The following examples demonstrate how to use plot_me from the plotMElm version >= 0.1.4) R package to visually assess and control the false positive rate issues raised by Esarey and Sumner. These examples build on the examples in their interactionTest R package.
library(plotMElm)
library(interactionTest)
library(ggplot2)
library(gridExtra)
# Load Clark and Golder (2006) replication data
data(legfig)
# Limit to established democracies from the 1990s
dat <- subset(legfig, subset = (nineties == 1 & old == 1))
# Estimate model
lin_formula <- enep1 ~ eneg * logmag + eneg * uppertier +
proximity1 * enpres
lin_mod <- lm(lin_formula, data = dat)
# Marginal effects with 'standard' and FDR 95% confidence intervals
p1 <- plot_me(lin_mod, term1 = 'eneg', term2 = 'logmag') + ggtitle('Standard CI')

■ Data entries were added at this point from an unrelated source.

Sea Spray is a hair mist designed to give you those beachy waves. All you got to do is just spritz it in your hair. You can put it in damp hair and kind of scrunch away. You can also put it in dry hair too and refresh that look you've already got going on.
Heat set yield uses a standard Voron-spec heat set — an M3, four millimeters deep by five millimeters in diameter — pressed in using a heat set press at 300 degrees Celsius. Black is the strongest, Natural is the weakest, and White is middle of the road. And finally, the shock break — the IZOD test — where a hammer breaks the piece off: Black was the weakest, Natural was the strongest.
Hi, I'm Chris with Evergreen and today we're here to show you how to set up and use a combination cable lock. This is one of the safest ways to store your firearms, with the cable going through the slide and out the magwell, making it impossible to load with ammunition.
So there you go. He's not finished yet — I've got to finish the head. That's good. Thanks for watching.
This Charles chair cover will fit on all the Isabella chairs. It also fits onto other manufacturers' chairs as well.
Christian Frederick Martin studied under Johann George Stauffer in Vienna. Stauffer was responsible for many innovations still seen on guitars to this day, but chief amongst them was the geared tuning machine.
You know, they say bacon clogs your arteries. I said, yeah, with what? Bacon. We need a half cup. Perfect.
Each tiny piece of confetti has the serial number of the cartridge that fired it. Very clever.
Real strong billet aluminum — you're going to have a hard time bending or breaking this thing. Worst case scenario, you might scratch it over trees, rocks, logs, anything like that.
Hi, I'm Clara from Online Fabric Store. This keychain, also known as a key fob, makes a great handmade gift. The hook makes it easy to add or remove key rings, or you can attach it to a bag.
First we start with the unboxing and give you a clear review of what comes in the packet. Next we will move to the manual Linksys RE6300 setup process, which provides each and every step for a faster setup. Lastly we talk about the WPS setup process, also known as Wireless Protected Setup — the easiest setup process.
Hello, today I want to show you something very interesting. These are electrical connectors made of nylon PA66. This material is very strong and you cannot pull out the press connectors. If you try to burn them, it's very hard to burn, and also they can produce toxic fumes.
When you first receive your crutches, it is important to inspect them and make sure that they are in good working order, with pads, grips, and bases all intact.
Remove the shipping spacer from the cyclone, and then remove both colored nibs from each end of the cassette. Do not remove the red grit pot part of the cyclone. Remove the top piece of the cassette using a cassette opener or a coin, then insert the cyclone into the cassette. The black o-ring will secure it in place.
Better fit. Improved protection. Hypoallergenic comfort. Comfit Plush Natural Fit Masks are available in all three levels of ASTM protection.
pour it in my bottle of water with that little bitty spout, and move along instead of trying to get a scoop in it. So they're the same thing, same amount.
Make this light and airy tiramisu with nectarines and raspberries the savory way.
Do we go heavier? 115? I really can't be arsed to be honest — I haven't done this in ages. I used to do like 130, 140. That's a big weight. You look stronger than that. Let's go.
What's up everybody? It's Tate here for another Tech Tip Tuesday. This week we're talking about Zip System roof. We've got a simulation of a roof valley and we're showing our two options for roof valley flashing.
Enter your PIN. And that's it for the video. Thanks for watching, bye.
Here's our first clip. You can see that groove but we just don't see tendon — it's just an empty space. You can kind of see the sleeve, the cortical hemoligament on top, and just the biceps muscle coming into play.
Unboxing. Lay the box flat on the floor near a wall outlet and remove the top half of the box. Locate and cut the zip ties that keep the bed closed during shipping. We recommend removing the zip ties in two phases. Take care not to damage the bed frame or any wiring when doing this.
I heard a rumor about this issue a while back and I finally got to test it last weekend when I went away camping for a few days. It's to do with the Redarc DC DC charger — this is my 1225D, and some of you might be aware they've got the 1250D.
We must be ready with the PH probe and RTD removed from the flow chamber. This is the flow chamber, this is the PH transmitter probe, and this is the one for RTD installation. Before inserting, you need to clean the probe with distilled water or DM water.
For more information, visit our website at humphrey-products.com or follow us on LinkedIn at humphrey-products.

p2 <- plot_me(lin_mod, term1 = 'eneg', term2 = 'logmag', ci_type = 'fdr') +
ggtitle('FDR CI')
## t-statistic used: 3.385
grid.arrange(p1, p2, nrow = 1)
It is also possible to supply custom t-statistics with the t_statistic argument. This is useful if you want to use a funciton like findMultiLims from the interactionTest to find t-statistics that can be used to correct confidence intervals for under-confidence. For example:
library(boot)
# Create bootstrap samples of marginal effects of eneg and logmag on enep1
boot_t_dist <- boot(data = dat, statistic = bootFun, R = 1000,
form = lin_formula, fam = 'gaussian',
x.name = 'eneg', z.name = 'logmag')$t
boot_t_x_dist <- boot_t_dist[, 1:10]
# Calculate critical t-statistic that sets familywise error rate to 10%
# for statistical significance of marginal effect of of eneg at any value of logmag
custom_t <- findMultiLims(boot_t_x_dist, type = 'any', err = 0.1)$mi
# Use custom t-statistic
plot_me(lin_mod, term1 = 'eneg', term2 = 'logmag', t_statistic = custom_t) +
ggtitle(sprintf('CI from t-statistic = %s', round(custom_t, digits = 3)))
## Using custom t-statistic (ignoring ci_type argument).